As noted, the trial court determined that "the appropriate measure of damages is found in the benefit of the bargain rule" and that plaintiffs should be awarded their "increased building costs."

Defendants concede that "the benefit of the bargain measure of damages was appropriate," but contend that the trial court misapplied that measure to the facts adduced at trial.

We conclude that the trial court was correct in finding that plaintiffs should be awarded their increased building costs.

One who willfully deceives another is liable for "any damage" that the deceived person suffers as a result. (Civ. Code, § 1709.)

Under the general tort recovery statute, Civil Code section 3333, the victim of a fraud is entitled to be compensated "for all detriment proximately caused whether it could have been anticipated or not." (Piscitelli v. Friedenberg (2001) 87 Cal.App.4th 953, 979 [the general rule of tort damages is that a successful plaintiff is entitled "to be made whole" (id. at p. 980)].)

Civil Code section 3333 provides: "For the breach of an obligation not arising from contract, the measure of damages, except where otherwise expressly provided by this code, is the amount which will compensate for all the detriment proximately caused thereby, whether it could have been anticipated or not."

In 1935, however, the Legislature added section 3343 to the Civil Code, which adopted instead the "out-of-pocket" standard for fraud in the purchase, sale, or exchange of real property. (Cory v. Villa Properties (1986) 180 Cal. App. 3d 592, 599, 225 Cal. Rptr. 628.) That statute provides in relevant part, "One defrauded in the purchase, sale or exchange of property is entitled to recover the difference between the actual value of that with which the defrauded person parted and the actual value of that which he received, together with any additional damages arising from the particular transaction, including any of the following: [P] . . . [P] (2) An amount which would compensate the defrauded party for loss of use and enjoyment of the property to the extent that any such loss was proximately caused by the fraud." (Civ. Code, § 3343, subd. (a).)

Thus, as stated by the California Supreme Court in Alliance Mortgage Co. v.

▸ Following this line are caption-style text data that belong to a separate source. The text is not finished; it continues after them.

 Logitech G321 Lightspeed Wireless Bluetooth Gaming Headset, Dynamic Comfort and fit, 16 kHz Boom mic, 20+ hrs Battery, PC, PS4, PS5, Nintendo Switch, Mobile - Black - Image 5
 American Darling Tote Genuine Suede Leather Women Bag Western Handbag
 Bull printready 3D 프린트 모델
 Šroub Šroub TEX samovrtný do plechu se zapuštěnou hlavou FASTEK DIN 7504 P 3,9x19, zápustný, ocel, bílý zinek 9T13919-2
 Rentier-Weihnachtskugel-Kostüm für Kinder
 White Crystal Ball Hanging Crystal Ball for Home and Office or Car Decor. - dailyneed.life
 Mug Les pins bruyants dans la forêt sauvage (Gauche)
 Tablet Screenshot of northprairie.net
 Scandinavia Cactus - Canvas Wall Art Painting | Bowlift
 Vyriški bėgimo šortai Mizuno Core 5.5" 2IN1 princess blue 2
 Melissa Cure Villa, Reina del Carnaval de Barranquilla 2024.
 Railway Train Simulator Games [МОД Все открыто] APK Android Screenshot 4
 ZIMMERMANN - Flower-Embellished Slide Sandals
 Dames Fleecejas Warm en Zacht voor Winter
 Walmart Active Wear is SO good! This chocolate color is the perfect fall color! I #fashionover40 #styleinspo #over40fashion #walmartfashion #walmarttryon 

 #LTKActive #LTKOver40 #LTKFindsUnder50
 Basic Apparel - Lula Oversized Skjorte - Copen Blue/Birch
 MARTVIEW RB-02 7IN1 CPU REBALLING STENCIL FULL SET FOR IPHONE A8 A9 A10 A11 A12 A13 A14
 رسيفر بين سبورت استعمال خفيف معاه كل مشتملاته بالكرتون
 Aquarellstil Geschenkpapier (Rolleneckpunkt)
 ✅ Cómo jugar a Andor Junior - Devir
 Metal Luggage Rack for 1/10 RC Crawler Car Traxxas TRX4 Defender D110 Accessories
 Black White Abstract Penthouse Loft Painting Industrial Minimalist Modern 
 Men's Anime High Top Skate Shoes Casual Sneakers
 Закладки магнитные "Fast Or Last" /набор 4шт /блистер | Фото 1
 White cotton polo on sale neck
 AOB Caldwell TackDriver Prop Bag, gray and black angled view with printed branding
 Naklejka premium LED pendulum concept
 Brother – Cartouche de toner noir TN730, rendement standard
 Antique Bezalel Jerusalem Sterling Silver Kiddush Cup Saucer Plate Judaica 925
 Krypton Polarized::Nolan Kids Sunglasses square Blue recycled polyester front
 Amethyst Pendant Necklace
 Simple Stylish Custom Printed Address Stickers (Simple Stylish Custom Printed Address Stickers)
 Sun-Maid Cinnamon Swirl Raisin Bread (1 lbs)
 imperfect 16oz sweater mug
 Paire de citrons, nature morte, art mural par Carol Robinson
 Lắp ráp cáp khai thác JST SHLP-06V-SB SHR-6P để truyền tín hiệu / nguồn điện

Rothwell (1995) 10 Cal.4th 1226, 1240-1241, 900 P.2d 601 (Alliance Mortgage), "in fraud cases involving the purchase, sale or exchange of property, the Legislature has expressly provided that the out-of-pocket rather than the benefit-of-the-bargain measure of damages should apply. (§ 3343, subds. (a), (b)(1).) This section does not apply, however, when a victim is defrauded by its fiduciaries. In this situation, the broader measure of damages provided by [Civil Code] sections 1709 and 3333 applies." (Italics added, fns. omitted.)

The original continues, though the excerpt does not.